Does the werewolf want to eat her? Rape her? Kill her? All of the above? Why her? Has he met her? Does she have something to do with the backstory? We get zero clue and won't get one. She has no connection to anything; she's merely a prop to establish The Villain as a threat. She did get a name though, because in the 1970s comics were obsessed with naming every little character; in the 1970s even the Joker's guards at Arkham Asylum had full names (Benny Khiss and Marvin Fargo). It was some sort of gritty urban personalization-means-realism thing. Because what readers expect most in a story about a rich guy dressed like a bat fighting another rich guy who's a werewolf in a downtown metropolis is realism.

Even though there must be hundreds of more easily accessible victims, this werewolf choose to climb this skyscraper and climb in this random woman's window solely so that Batman can see him and initiate conflict.

"Crud"? "CRUD"!? "Crud" is not a Batman word.
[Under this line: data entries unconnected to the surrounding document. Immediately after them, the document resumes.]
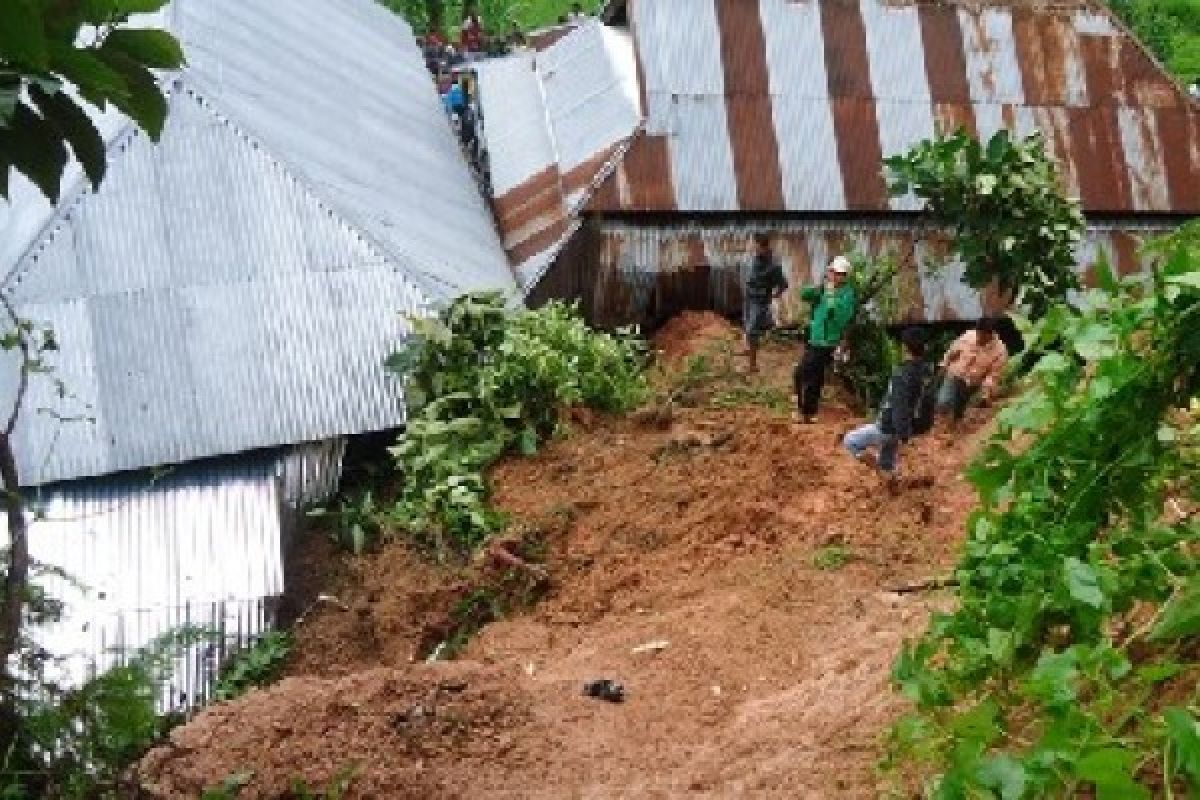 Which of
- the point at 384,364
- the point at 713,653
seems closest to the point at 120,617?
the point at 384,364

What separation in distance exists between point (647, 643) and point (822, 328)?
3350mm

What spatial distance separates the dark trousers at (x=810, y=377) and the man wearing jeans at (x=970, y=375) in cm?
89

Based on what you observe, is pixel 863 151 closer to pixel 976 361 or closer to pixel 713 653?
pixel 976 361

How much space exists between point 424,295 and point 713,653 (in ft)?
17.0

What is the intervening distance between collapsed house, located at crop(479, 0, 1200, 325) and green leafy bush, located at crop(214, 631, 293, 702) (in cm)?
484

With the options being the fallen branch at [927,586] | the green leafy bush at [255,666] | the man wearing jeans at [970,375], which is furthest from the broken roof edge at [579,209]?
the fallen branch at [927,586]

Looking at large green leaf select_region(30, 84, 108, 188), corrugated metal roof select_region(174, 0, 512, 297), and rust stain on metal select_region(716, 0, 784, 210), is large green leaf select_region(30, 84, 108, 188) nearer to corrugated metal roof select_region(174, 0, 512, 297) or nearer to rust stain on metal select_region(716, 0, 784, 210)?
corrugated metal roof select_region(174, 0, 512, 297)

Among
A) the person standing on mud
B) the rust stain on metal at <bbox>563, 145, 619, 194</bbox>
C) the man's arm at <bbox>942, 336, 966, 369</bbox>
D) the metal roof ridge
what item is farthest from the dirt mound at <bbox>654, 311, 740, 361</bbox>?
the man's arm at <bbox>942, 336, 966, 369</bbox>

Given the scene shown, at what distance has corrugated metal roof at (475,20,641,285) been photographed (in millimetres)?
14000

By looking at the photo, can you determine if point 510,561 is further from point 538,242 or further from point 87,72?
point 87,72

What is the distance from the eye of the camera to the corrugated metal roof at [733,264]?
44.5 ft

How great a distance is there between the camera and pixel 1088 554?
407cm

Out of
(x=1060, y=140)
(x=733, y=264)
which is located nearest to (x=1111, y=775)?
(x=733, y=264)

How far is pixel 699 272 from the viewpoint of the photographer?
45.0ft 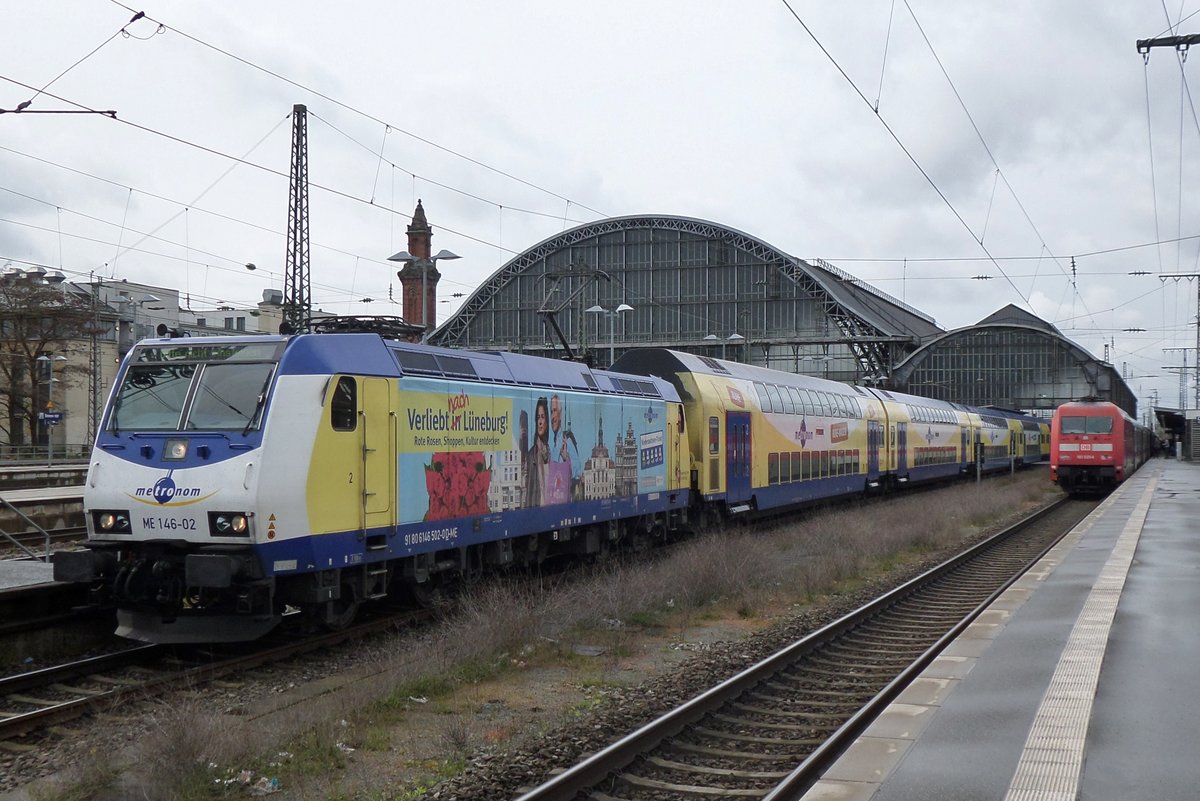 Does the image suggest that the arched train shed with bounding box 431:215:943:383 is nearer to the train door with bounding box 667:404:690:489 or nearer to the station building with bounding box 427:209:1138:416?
the station building with bounding box 427:209:1138:416

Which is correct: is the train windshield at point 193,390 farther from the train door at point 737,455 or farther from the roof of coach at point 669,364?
the train door at point 737,455

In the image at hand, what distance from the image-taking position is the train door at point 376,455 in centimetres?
1199

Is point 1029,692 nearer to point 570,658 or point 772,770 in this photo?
point 772,770

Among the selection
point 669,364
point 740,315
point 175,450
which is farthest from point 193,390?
point 740,315

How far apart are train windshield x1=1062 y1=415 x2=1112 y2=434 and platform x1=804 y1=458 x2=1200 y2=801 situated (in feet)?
86.2

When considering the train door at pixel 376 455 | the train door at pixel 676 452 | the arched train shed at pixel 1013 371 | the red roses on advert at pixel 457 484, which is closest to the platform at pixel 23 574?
the train door at pixel 376 455

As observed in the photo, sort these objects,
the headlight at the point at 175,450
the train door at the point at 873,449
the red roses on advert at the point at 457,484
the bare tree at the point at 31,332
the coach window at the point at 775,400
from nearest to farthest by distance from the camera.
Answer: the headlight at the point at 175,450 < the red roses on advert at the point at 457,484 < the coach window at the point at 775,400 < the train door at the point at 873,449 < the bare tree at the point at 31,332

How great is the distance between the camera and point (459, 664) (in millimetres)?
10875

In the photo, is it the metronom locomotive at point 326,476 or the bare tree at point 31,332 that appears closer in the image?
the metronom locomotive at point 326,476

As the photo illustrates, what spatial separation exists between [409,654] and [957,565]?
1299cm

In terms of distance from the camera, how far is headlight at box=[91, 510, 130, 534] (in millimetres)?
11164

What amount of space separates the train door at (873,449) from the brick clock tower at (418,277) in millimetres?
29447

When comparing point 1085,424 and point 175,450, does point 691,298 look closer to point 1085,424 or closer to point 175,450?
point 1085,424

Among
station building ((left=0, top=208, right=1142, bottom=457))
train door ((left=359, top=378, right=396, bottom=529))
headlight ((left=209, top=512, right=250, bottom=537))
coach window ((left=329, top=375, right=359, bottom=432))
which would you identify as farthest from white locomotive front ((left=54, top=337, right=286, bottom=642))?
station building ((left=0, top=208, right=1142, bottom=457)) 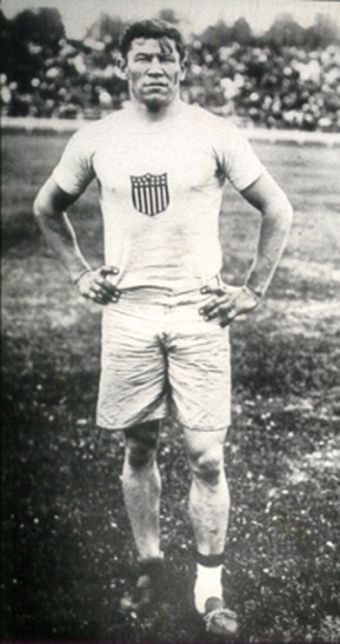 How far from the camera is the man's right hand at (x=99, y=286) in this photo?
236 cm

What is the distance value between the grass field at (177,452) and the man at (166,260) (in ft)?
0.13

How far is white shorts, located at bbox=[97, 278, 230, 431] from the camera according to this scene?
232cm

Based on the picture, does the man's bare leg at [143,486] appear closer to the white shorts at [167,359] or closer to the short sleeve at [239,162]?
the white shorts at [167,359]

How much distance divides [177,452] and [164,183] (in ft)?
2.12

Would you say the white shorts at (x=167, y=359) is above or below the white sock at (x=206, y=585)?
above

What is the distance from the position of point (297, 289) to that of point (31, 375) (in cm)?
70

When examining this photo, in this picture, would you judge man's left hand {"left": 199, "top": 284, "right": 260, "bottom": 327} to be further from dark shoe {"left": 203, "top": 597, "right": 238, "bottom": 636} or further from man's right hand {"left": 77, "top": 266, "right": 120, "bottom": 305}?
dark shoe {"left": 203, "top": 597, "right": 238, "bottom": 636}

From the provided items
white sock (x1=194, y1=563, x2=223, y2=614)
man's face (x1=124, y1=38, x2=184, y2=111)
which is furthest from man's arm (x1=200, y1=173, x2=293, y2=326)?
white sock (x1=194, y1=563, x2=223, y2=614)

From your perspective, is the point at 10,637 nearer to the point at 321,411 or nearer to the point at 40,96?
the point at 321,411

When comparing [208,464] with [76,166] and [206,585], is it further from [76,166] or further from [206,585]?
[76,166]

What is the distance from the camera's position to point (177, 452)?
8.02 feet

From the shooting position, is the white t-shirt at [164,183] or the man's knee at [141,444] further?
the man's knee at [141,444]

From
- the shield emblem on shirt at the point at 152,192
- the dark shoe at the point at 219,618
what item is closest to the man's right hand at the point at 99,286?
the shield emblem on shirt at the point at 152,192

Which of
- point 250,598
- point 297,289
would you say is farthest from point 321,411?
point 250,598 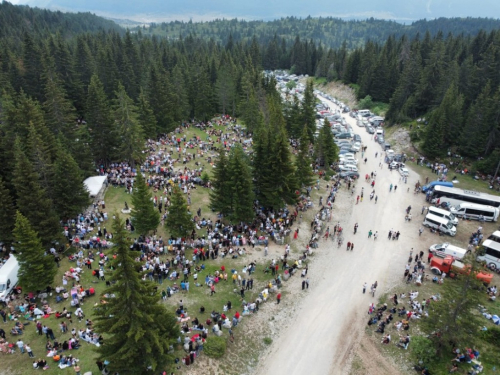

Batman does not talk like a tough but virtuous trucker coming to the aid of a sexually harassed diner waitress in a low-budget action movie. Stupid Bronze Age Batman.


THAT is bad plotting. So bad the writer nearly admits it:


"Um, hey, readers, here's your villain and that's why he doing bad things. Like climbing up the side of a residential skyscraper for no particular reason to break into a random apartment with no motivation or goal. Hey, is it Happy Hour yet?"

When you read that sort of thing, you can tell the writer has pretty much given up, right from the get-go. But I guess we should know that from the very first narrative box, which starts with " 'tis".

" 'Tis said it takes a special lack of talent to survive in Bronze Age comic book writing... a mixture of sheer nerve, amateur pretentiousness, and a casual acceptance of otherwise unbelievable prose and plot."

When you read " 'tis" in a narration box, the best thing to do is to put the comic down and just walk away.

So, why doesn't the werewolf victimize someone on the GROUND, where (were-)wolves actually might reasonably hunt? Well, so that the werewolf can throw his victim out the window, of course.

"Exit Janet Bonner."

Um... Batman? Who are you talking to? Us? Well, we can see you. You don't need to say all that. Particularly since you don't have time to say all that while a woman is falling to her death. Heck, the Flash doesn't have time to say all that. At least you managed to shut yer yap while you're falling out a window.

Or not.

Then Batman nearly kills himself doing something (rescuing a falling person) that in the post-Crisis DCU he does daily with no effort at all, like you or I would stretch in the morning. Stupid Bronze Age Batman.

During all of this, Batman assumes that the werewolf is in fact a guy in a costume. Now, one can understand being skeptical of assuming someone is a werewolf just because they look like one. But (a) this is the same Batman who fights Man-Bat every six months, and (b) when Neal Adams draws a werewolf you can damn well see it's a werewolf, not a guy in a costume. Stupid Bronze Age Batman.

After this awkward, dog-sacrificing incident, Batman visits Commission Gordon, who apparently can see in the dark.
"Yer a funny guy, Jim; wanna find out just what the inside of cement-mixer is like some time? Keep it up."


Meanwhile the werewolf runs back to his, um, were-den.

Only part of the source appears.